Commercial entities and the politicians they have in their pockets will keep asking and getting more and more.


The next band to be targeted is 3450 to 3550 MHz (of which, 3450 to 3500 MHz is allocated to Amateur Radio).

https://www.lightreading.com/spectrum-now-act-takes-aim-at-m...


I never like to see Amateur Radio lose spectrum. But if I'm not mistaken 3300-3500 MHz is currently allocated to Amateur Radio. So this would still leave hams with 3300-3450 MHz.


That's correct. It would not be a complete loss. More like when 1215 to 1240 MHz and 2310 to 2390 MHz was lost after WARC-79.


Except for the fact that Channel 1 bleeds into almost all of the amateur 2ghz band. The center frequency puts the left side of the channel into our band and has made it a mess.

For those interested in how these frequencies are used by HAMs check out http://www.arednmesh.org. We hack routers and wifi point to point links to operate on those frequencies to build out large mesh networks.


The official proposal if anyone is interested:

> The decisions of previous conferences have introduced some restrictions to the use and have imposed constraints on the development of aeronautical mobile applications within some existing mobile allocations traditionally used by the aeronautical mobile applications.
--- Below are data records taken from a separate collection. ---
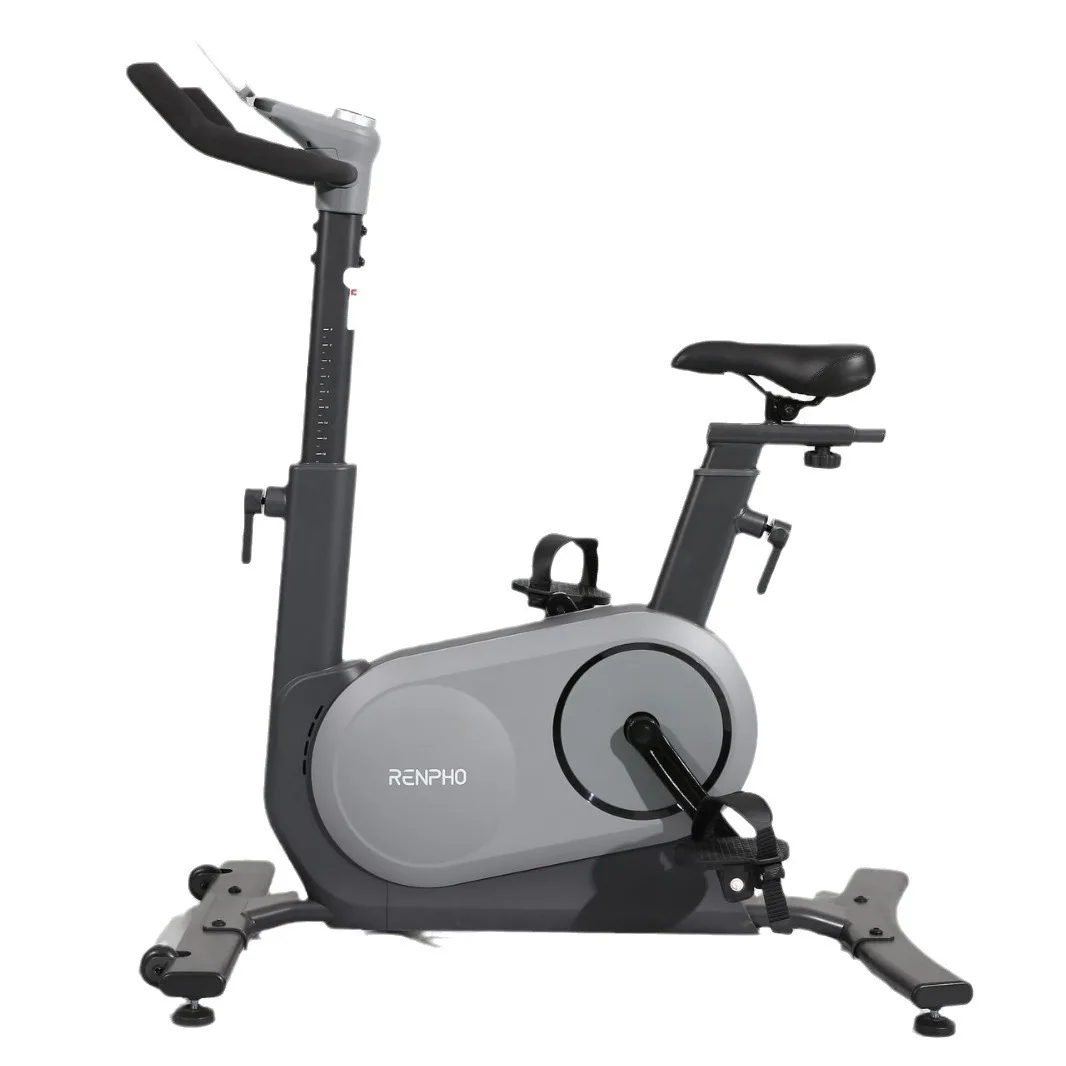 

STLF IN STOCK Spinning Bike Stationary Bicycle Cardio Indoor Adjustable Professional Spinning Bike Exercise Gym Equipment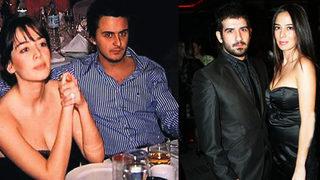 Merve başka bir erkekle yakalandı!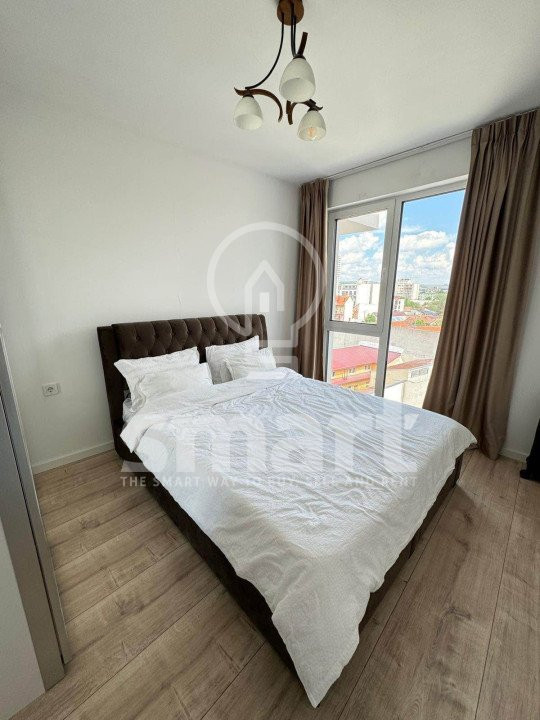 Apartament 2 camere, bloc nou, Central !!!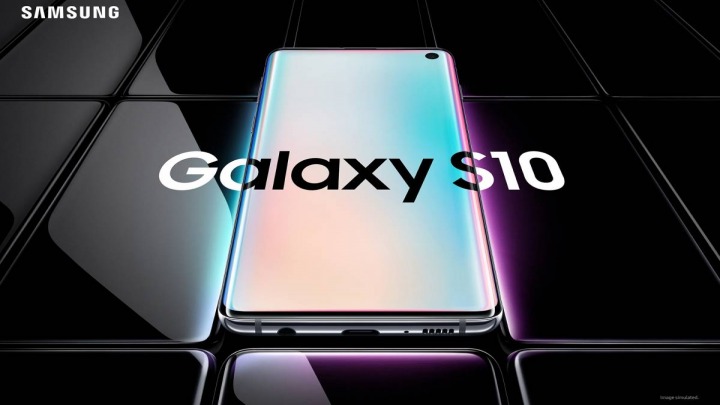 Ten błąd nie powinien mieć miejsca. - Samsung Galaxy S10 z błędem pozwalającym każdemu na odblokowanie telefonu - wiadomość - 2019-10-18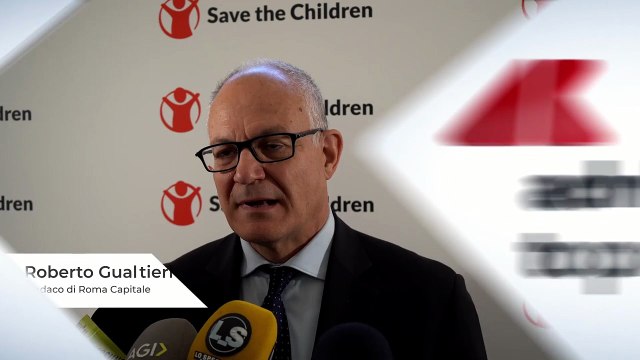 Roma: Gualtieri, ‘rigenerazione periferie sia anche sociale e culturale’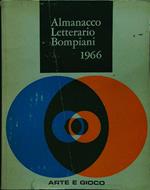 Almanacco Letterario Bompiani 1966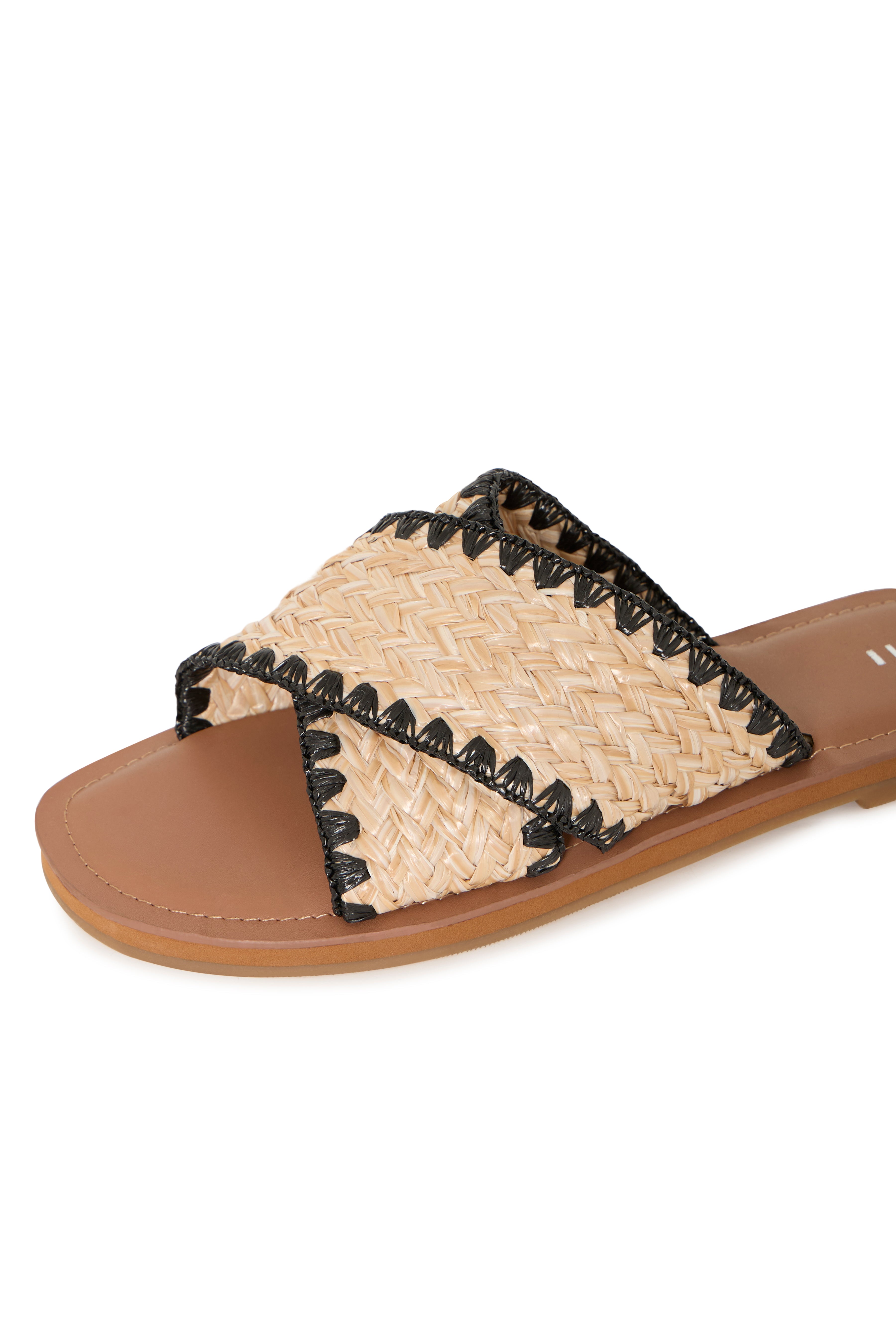Emma Sandals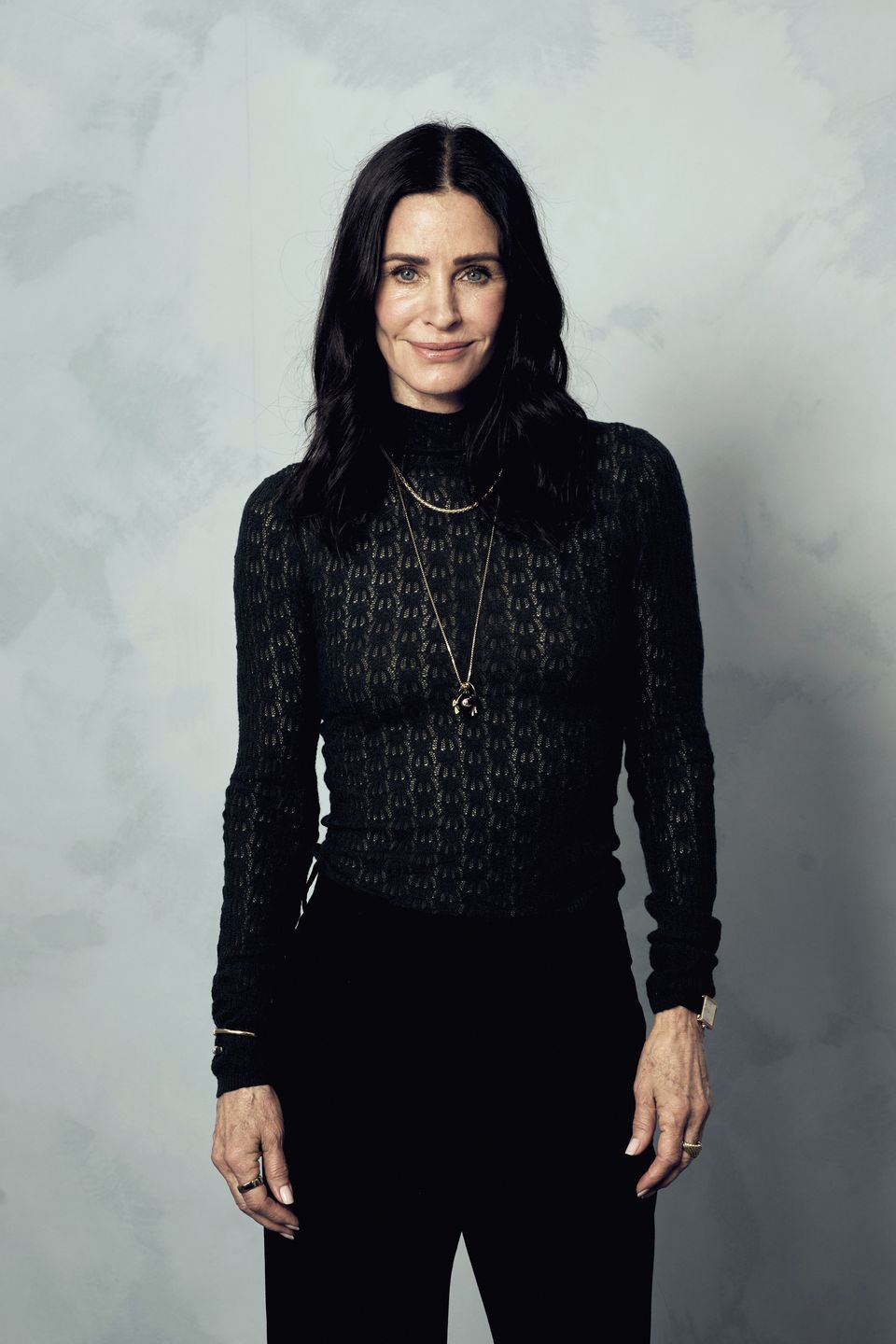 Courtney Cox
> At the same time, the number of manned and unmanned aircraft equipped with sensors has grown significantly in the past 20 years together with the need of bidirectional low to high data rate communications. Aeronautical applications like fire surveillance, border surveillance, air quality and environment monitoring, traffic monitoring, disaster monitoring, terrain modelling, imagery (visible, infrared, radar, meteo), video monitoring require non-safety communications between various types of aeronautical platforms.

> Consequently the need of non-safety data communications between various types of aeronautical platforms increases and so the need for new frequency bands.

* https://cept.org/ecc/groups/ecc/cpg/cpg-pt-a/client/meeting-...


How does this play out for amateur satellites operating in the 2m band? Do they have to stop broadcasting over Europe?


Not really. The space over Europe isn’t governed by Europe, they’ll just have to tolerate the transmissions. But lots of ham satellites are repeaters, so they’ll probably get a lot less activity over Europe, and nearby hams will probably get fewer European contacts.